- Education: Zhejiang University Princeton University
- Awards: Canada Research Chair (since 2004)
- Scientific career
- Workplaces: University of North Carolina at Chapel Hill McMaster University McGill University
- Thesis: Holder Regularity of Subelliptic Pseudo-Differential Operators (1989)
- Doctoral advisor: Joseph J. Kohn

= Pengfei Guan =

Canadian mathematician

Pengfei Guan is a Canadian mathematician and Canada Research Chair in Geometric Analysis. He is a professor of mathematics at McGill University and a Fellow of the Royal Society of Canada.

==Biography==

Guan graduated from the Department of Mathematics of Zhejiang University in Hangzhou. From 1982 to 1984, Guan was a graduate student at the Institute of Mathematics of the Chinese Academy of Sciences in Beijing.

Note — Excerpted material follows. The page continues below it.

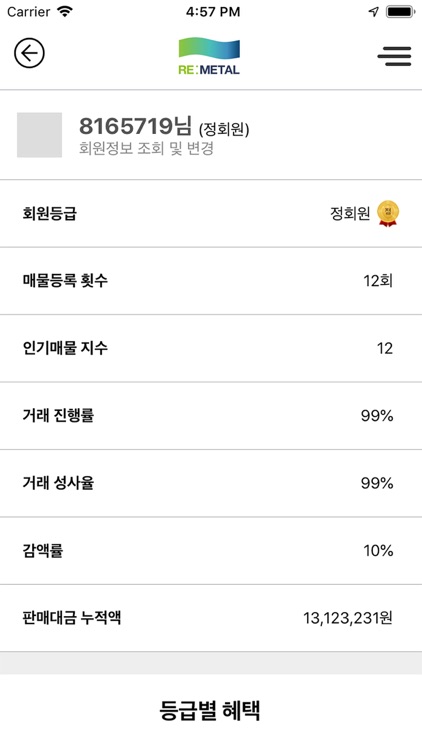 리메탈 screenshot-3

From 1984 to 1985, Guan studied at the University of North Carolina at Chapel Hill. Guan later continued his studies at Princeton University. Guan obtained his MS in 1986 and his PhD in 1989, both in mathematics from Princeton University.

Guan was an assistant professor (from 1989 to 1993), associate professor (from 1993 to 1997), and professor (from 1997 to 2004), all at the Department of Mathematics at McMaster University. Since 2004, Guan has been a professor of mathematics at McGill University.

Guan was awarded the Alfred P. Sloan Fellowship from 1993 to 1995. Guan has held the Canada Research Chair since 2004. Guan was elected to the Fellow of Royal Society of Canada in 2008.